We’re not talking about the crape myrtles, southern magnolias, and fringe trees that bloom later in mid-spring and early summer. Dogwoods, redbuds, Japanese magnolias, flowering plums, and cherries are also among the earliest bloomers that flaunt the first bright colors of the year.
In USDA Zones 8-10 the redbuds, wild plums, crabapples, flowering cherries, and Japanese magnolias start blooming in January and February. Formosan cherry is typically the first of them all. Later in the colder months the dogwoods, Walter viburnum, peach trees, apple trees, and fringe trees also begin to flourish.
The earliest bloomers tend to be small trees or large shrubs since they fit nicely in the home landscape. Therefore, position them in the front yard so your neighbors can appreciate them too. Most of the earliest flowering trees are deciduous and their blossoms open along bare branches before the leaves appear. While other early blooming trees continue to show off their color when leaves begin to turn shades of yellow, orange or red.
Perfect Plants offers two varieties of redbud — Eastern redbud (Cercis canadensis) and Forest Pansy redbud (Cercis Canadensis ‘Forest Pansy’), one of the earliest blooming North American natives. Forest Pansy redbud has leaves that emerge (after the flowers) red-purple, gradually changing to a dark maroon-green in summer. In the fall, they develope splashes of yellow and orange before dropping. Redbuds are so-often situated near dogwoods that it seems like they grow together – and in nature they often do. Perfect Plants offers the standard flowering dogwood (Cornus florida) as well as a lovely pink-flowered variety. With its beautiful maroon tinged leaves throughout the summer, the crabapple hybrid, Summer Wonder (Malus ‘Summer Wonder’), is an early spring bloomer like the regular crabapple.
The earliest flowering tree is the Formosan cherry (Prunus campanulata), often mistaken for a redbud. Here in North Florida, we sometimes see these flowering in peoples’ yards in mid-January. Chickasaw Plum (Prunus angustifolia), seen most often on country roadsides throughout much of the United States is another American native that is of the first harbingers of spring. They are easy to care for and make great additions to the home landscape.

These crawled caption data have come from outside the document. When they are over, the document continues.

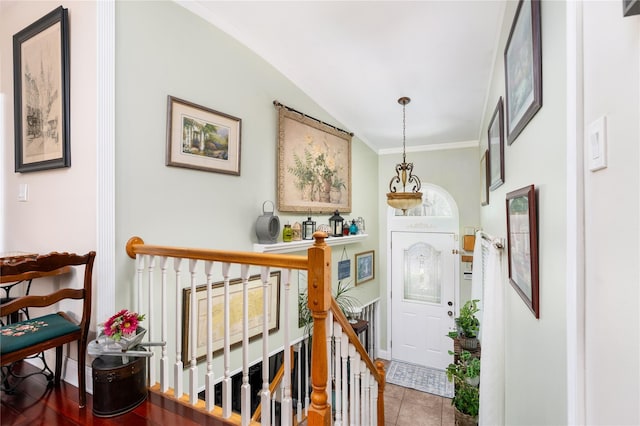 22 Woodchuck Ln, East Setauket, NY 11733 - tiled foyer with crown molding and vaulted ceiling
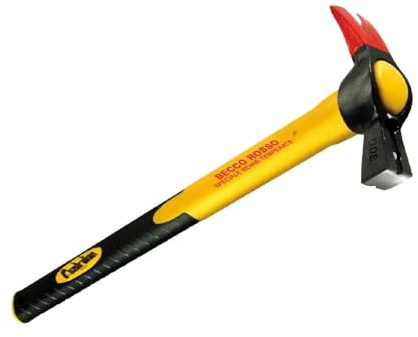 La zappa Martello becco rosso per carpentiere con calamita e manico in fibra di vetro (250 gr/450 mm)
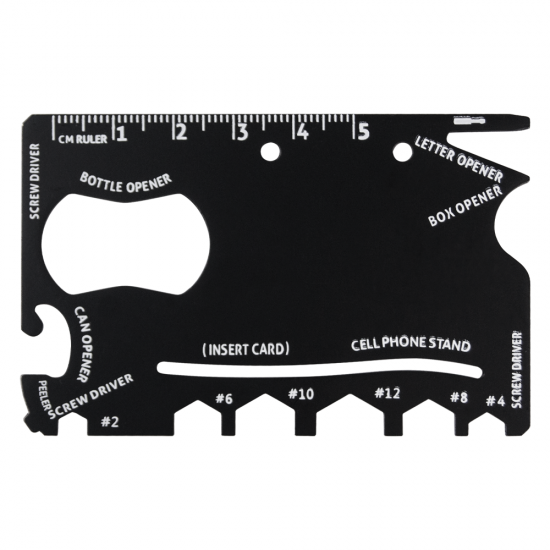 Мультитул Tools Capture в виде карточки, стальной, в чехле из кожзама, черный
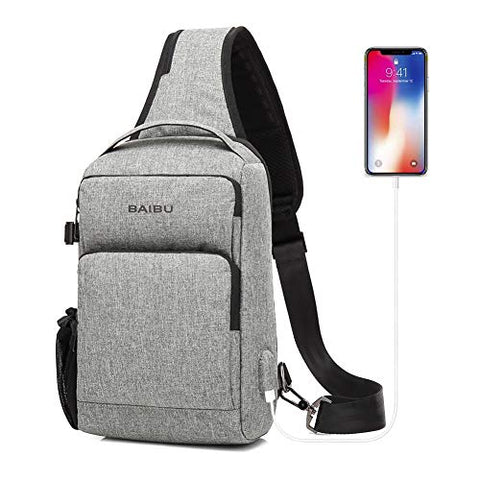 Mens Sling Bag Backpack Shoulder Sports Chest Crossbody Bag Lightweight Daypack with Charging
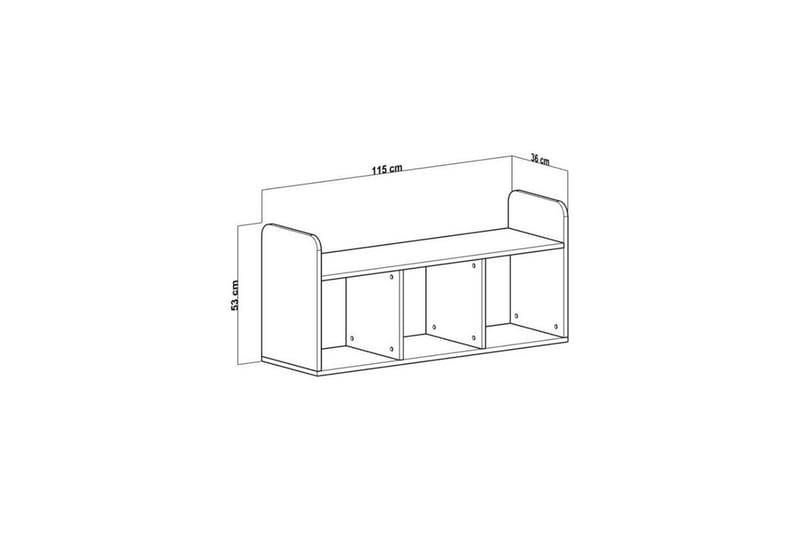 Hollowmere Tv-bänk 115 cm - Mediumfärgat trä/Vit - Möbler - Vardagsrum - Tv-möbler & mediamöbler - Tv-bänkar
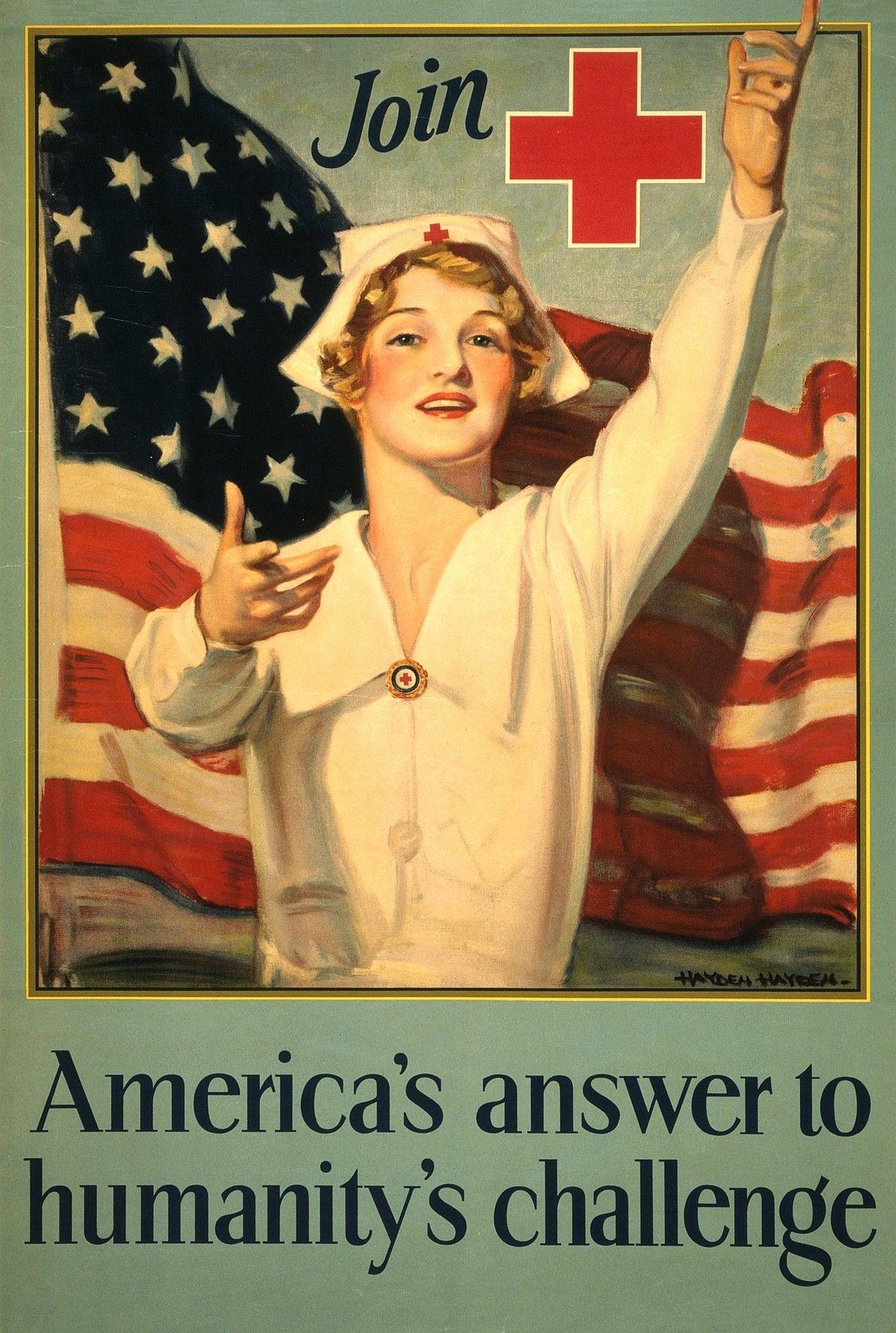 Women American Red Cross Logo - WWI Poster Join [Red Cross Symbol] America's Answer To Humanity's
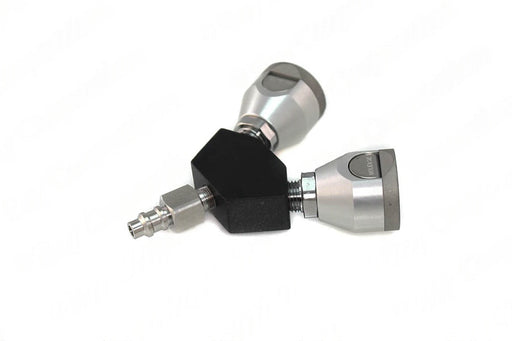 Puritan Y-Block, Male QC Inlet x Female Coupler Outlets, VAC - Bay Corp YO-PQ22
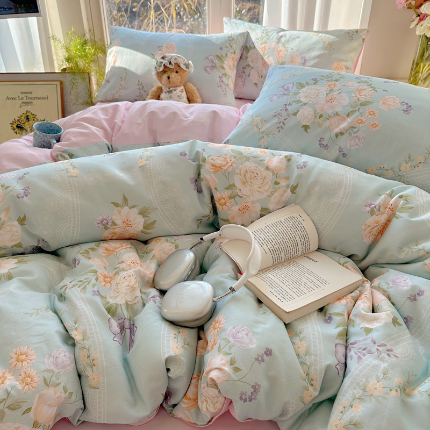 91家纺网 家纺一手货源 找家纺 富瑞阁 新款印花加厚加密13070全棉四件套（全尺寸）绿意丛生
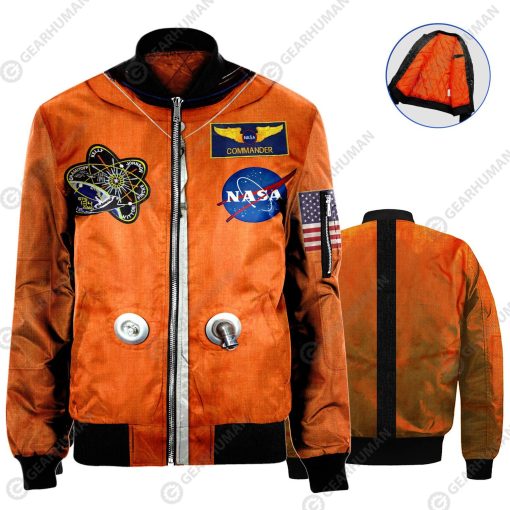 NYLON-BLEND BOMBER JACKET NASA HD-GH0781908-BJK Bomber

The Japanese magnolias, with their big, upright purple, pink or magenta flowers always turn heads in early spring. Japanese magnolia (Magnolia liliiflora), star magnolia (M. stellata) and the hybrid, saucer magnolia (M. x soulangeana), are some of the most vibrant flowering trees in this popular group. In its hardiness zone the Japanese magnolia often begins to bloom before any of the native American trees.